Tips for Driving at Night with Astigmatism 

Driving safely at night when you have astigmatism requires certain precautions. Consult the tips below, and remember: Never operate a vehicle if you think your vision will interfere with your ability to drive. 

Tips that Help Your Eyes

The best way to address the blurry lights caused by astigmatism is…to treat your astigmatism. Fortunately, there are many ways to do just that. 

Wear prescription eyeglasses: After an optometrist determines your eye prescription, you can shop for glasses that will correct your astigmatism. Make sure to look for lenses that have an anti-reflective coating. (Not to brag, but all of our lenses do.) Together with your prescription, they should reduce the streaky, blurry effects around lights at night. 

Note: We advise against purchasing glasses with yellow, tinted lenses marketed for night driving. These glasses have been studied and do not seem to make night driving any safer—in fact, they may make it harder to see

Wear toric contact lenses: Designed specifically for eyes with astigmatism, toric contact lenses are a popular alternative to glasses. Research shows that wearing this type of contact lens can add a significant boost to your tactical driving skills if you have astigmatism. If you’re curious about toric lenses, talk to your eye doctor to see if you’re a good candidate for them. 

Consider surgery or other treatments: Some people treat their astigmatism with surgery such as LASIK or with ongoing treatments like orthokeratology—contact lenses worn overnight that gradually reshape your cornea. These methods can be costly, however, and not everyone is eligible for them. Additionally, some people can still experience distortions such as halos and glare following refractive surgery. 

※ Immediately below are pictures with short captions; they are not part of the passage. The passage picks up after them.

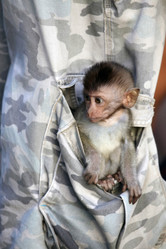 Similar image 1597514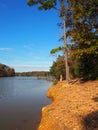 Badin Lake in Uwharrie National Forest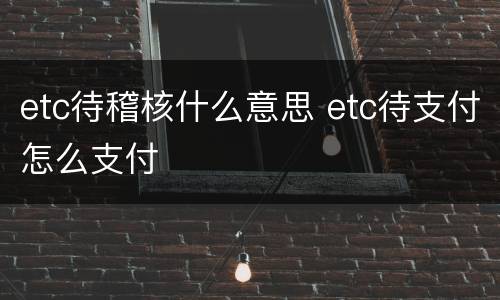 etc待稽核什么意思 etc待支付怎么支付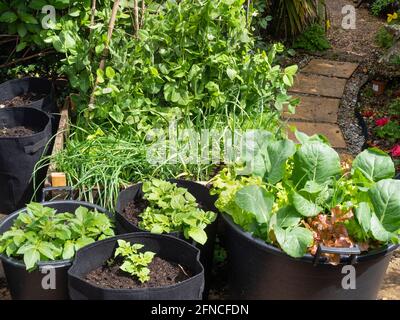 Lit de légumes et pots élevés à la mi-mai planté de petits pois, radis, échalotes, ail, pommes de terre,chou et laitue Banque D'Images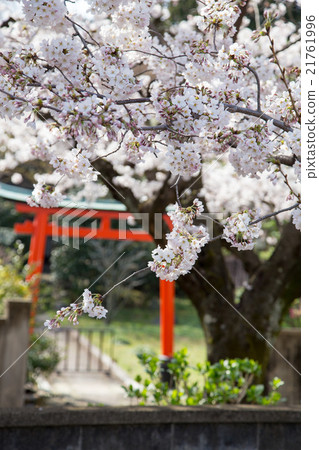 Elegant lotus temple, torii of delightful company and full bloom Yoshino cherry tree Elegant lotus temple, torii of delightful company and full bloom Yoshino cherry tree 21761996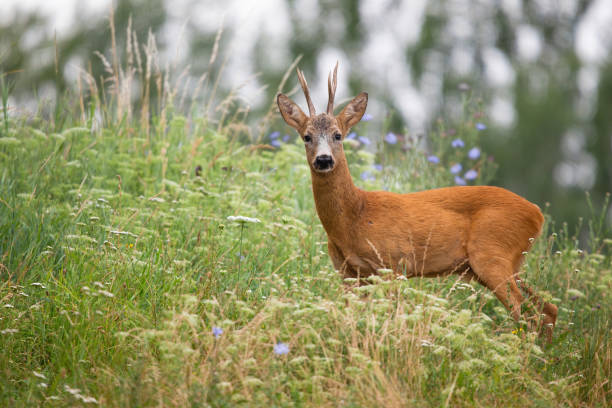 istock Roe deer looking to the camera in long grass from side 1326264927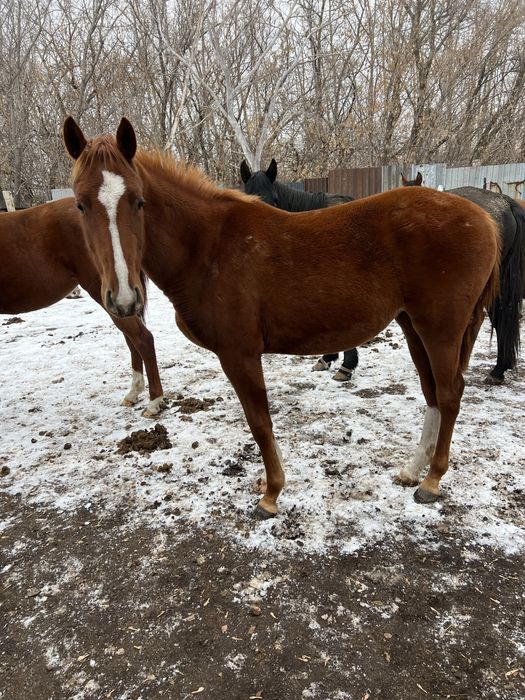 Тай сатылады чистокровный, продается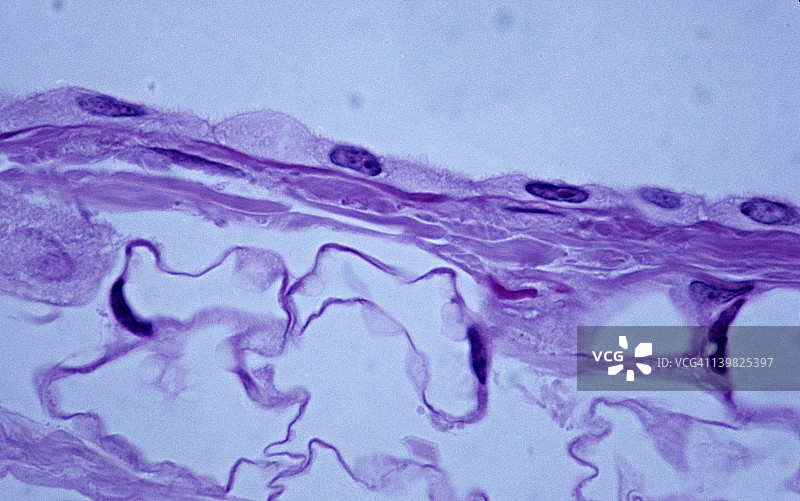 单层鳞状上皮（间皮），侧面或轮廓视图，250倍。显示：鳞状细胞的扁平度、细胞核、细胞质和细胞膜。见于人体的网膜图片素材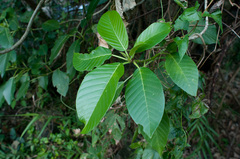 Dendrocnide meyeniana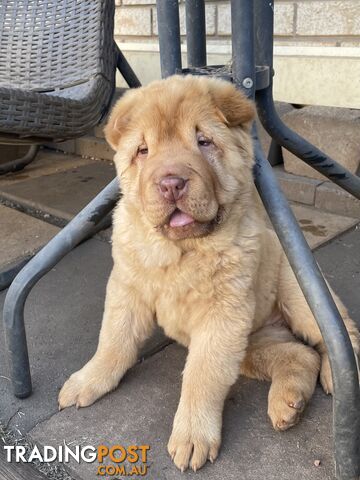 Shar Pei Puppies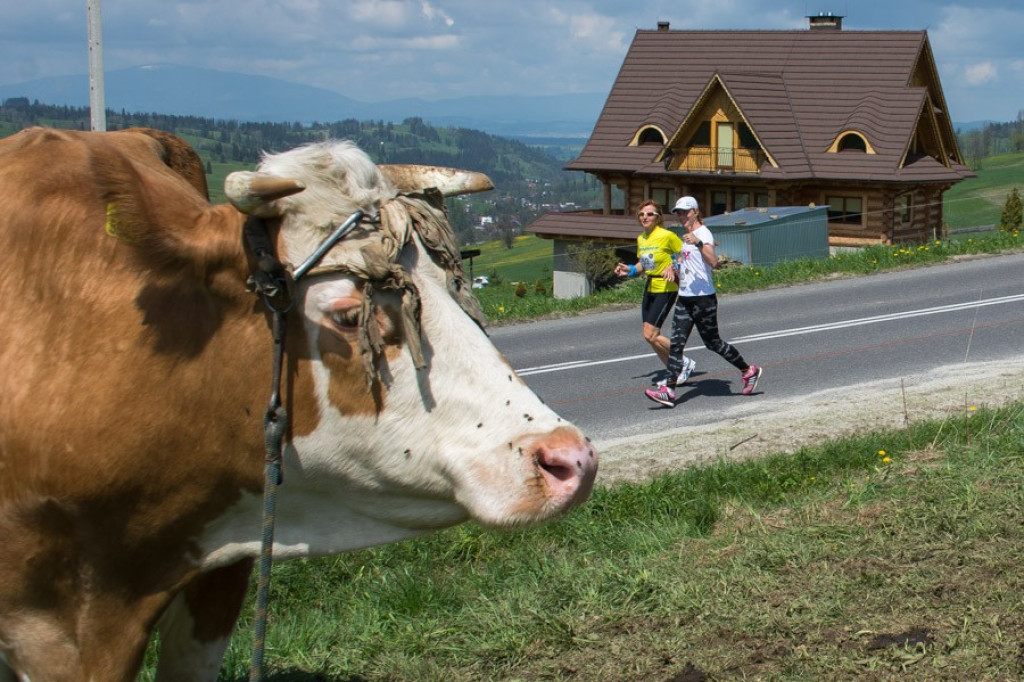 Przebiegli Maraton Podhalański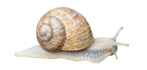 snail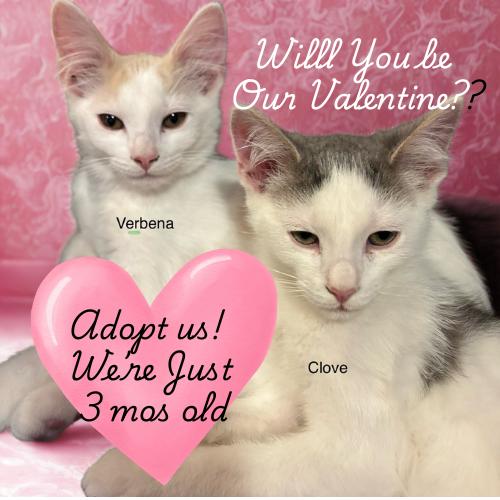 Enlarge Verbena & Clove-Double the Charm, Double the Fun, a ADOPTABLE Domestic Short Hair in Laurel, MD image 1/5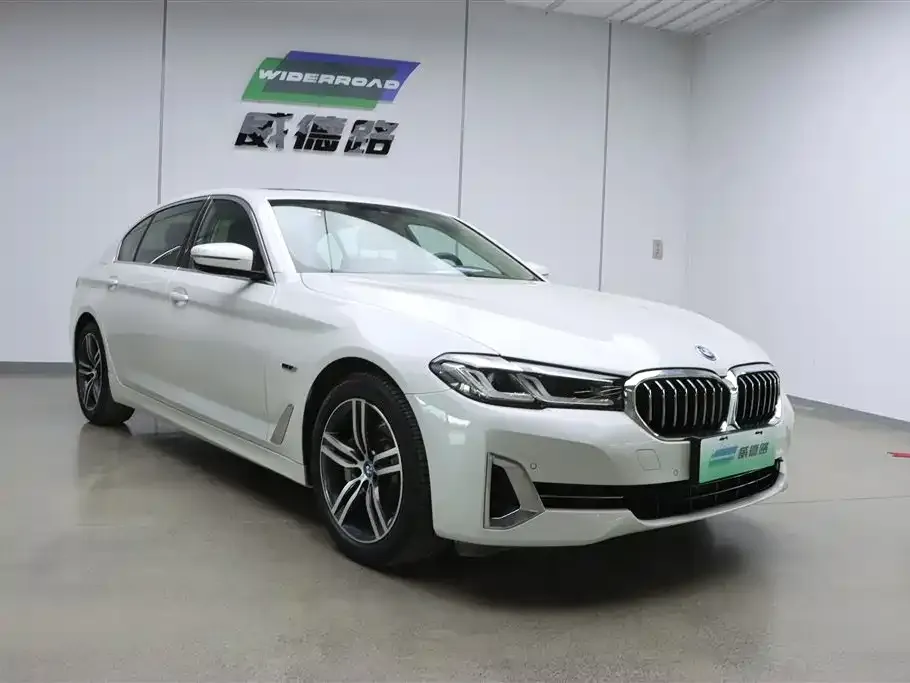 BMW 5 Series New Energy 2021 из CN, фото 3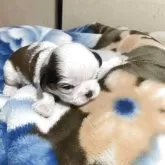 シーズー
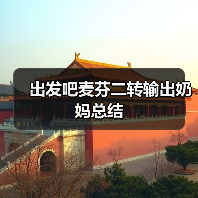 出发吧麦芬二转输出奶妈总结（图3）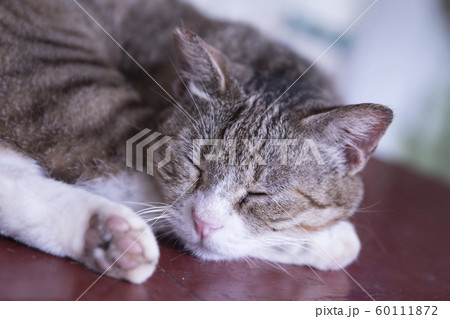 猫 ねこ ネコ 60111872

Stock up on eye drops: If your eyes are prone to dryness, you might also consider keeping a bottle of rewetting eye drops handy. (Contact lens-wearers should only purchase eye drops that are approved for use with contacts.)

Clean your glasses regularly: Smudged or streaky glasses can dramatically reduce your visual acuity. If you’re going to drive while wearing glasses, always have a microfiber cloth (and maybe some lens spray) nearby to keep your lenses clean and clear. 

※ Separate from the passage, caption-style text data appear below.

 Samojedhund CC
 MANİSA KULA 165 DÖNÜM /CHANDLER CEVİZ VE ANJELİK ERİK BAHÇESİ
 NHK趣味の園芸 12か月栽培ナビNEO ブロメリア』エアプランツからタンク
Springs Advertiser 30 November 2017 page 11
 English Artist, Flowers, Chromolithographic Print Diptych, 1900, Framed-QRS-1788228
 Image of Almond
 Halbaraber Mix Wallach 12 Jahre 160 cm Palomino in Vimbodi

Tips that Help Your Driving

In addition to correcting your astigmatism, you can make small changes to your driving habits that help your night vision. 

Clean your windshield, mirrors, windows, and headlights: Just like your glasses lenses, these parts of your car can become smudged or foggy, adding to the visual problems caused by blurry lights. Cleaning them regularly will ensure a clearer view (and your car will thank you). 

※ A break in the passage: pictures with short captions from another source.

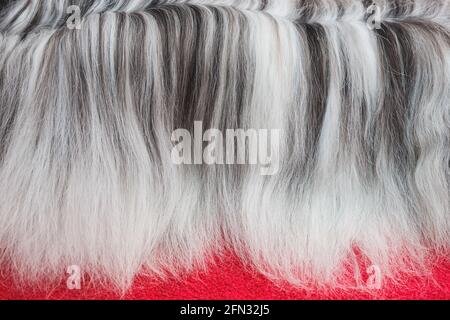 Schwarz-weiße Hundehaare. Nahaufnahme der tibetischen Terrier Hundehaare. Langhaarige Hundepflege. Tierpflege Stockfoto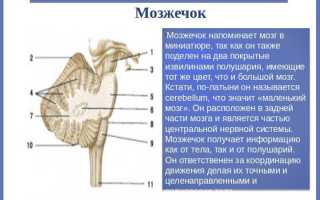 За что в организме отвечает мозжечок?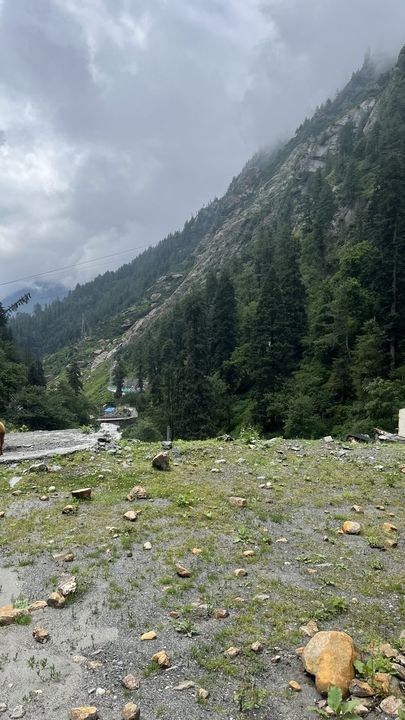 A stony clearing below pine-covered slopes under cloud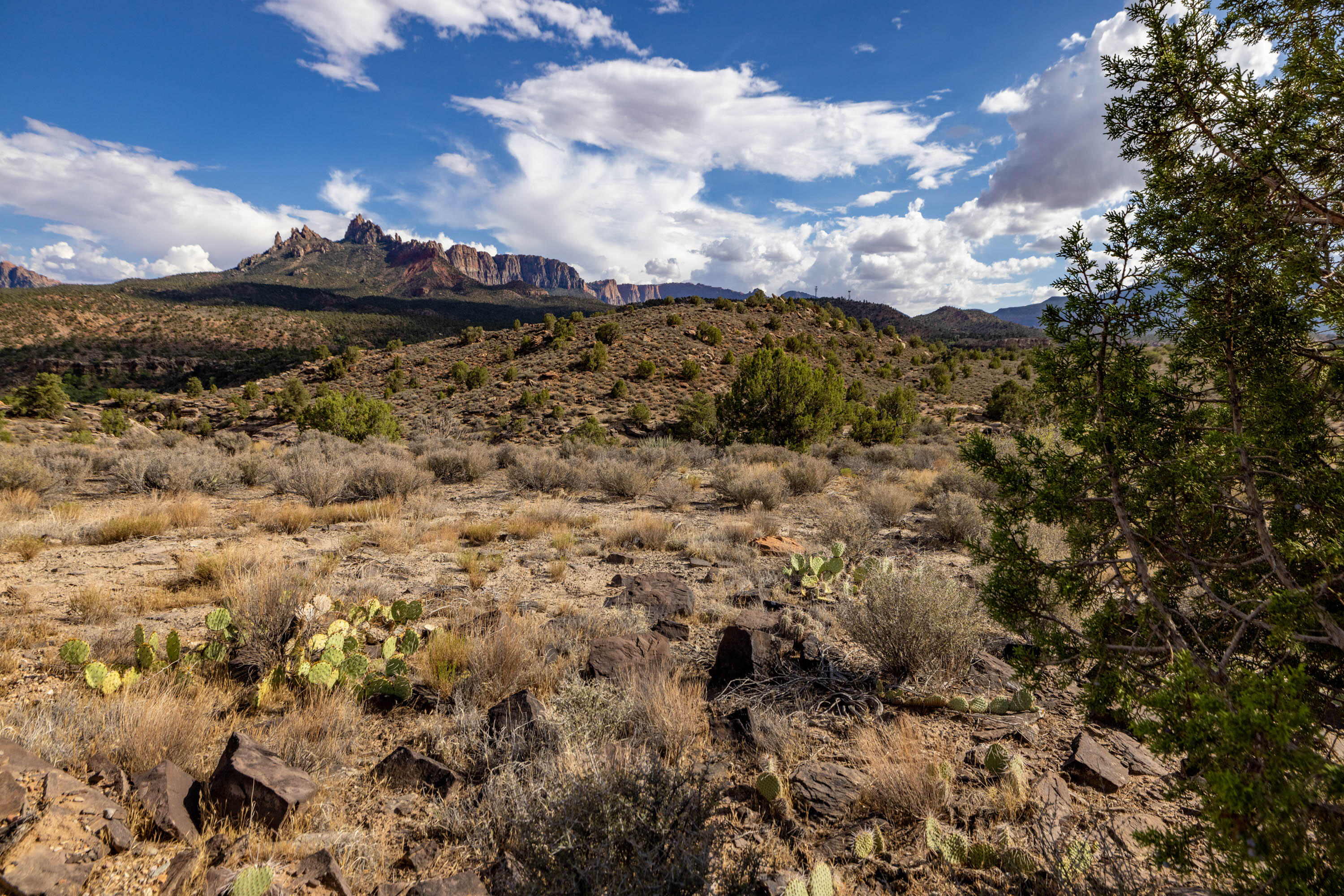ANASAZI PLATEAU - Land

Adjust your rearview mirror to use the night setting: Consult your car’s manual to learn how to engage this setting on your rearview mirror, which helps to cut the glare from other car’s headlights. 

Turn down the brightness of your car’s displays: See if you can make the dashboard displays a little dimmer and less distracting. 

Practice safe night-driving techniques: Astigmatism or no astigmatism, everyone should drive with extra caution at night. Don’t stare directly into the oncoming headlights of other vehicles, make sure you’re not drowsy or distracted, and stay aware of your surroundings. Allot some extra time for trips that might be quicker and easier during the day. 

Treat Your Astigmatism and Banish Blurry Lights

Driving at night with astigmatism can be irritating and, frankly, frightening. What’s more, it can put the driver and other people on the road at risk. 

But having astigmatism doesn’t mean you can’t drive at night—you just need to get the right vision correction and make sure you’re driving carefully. And hey, we’ll even help with that first part.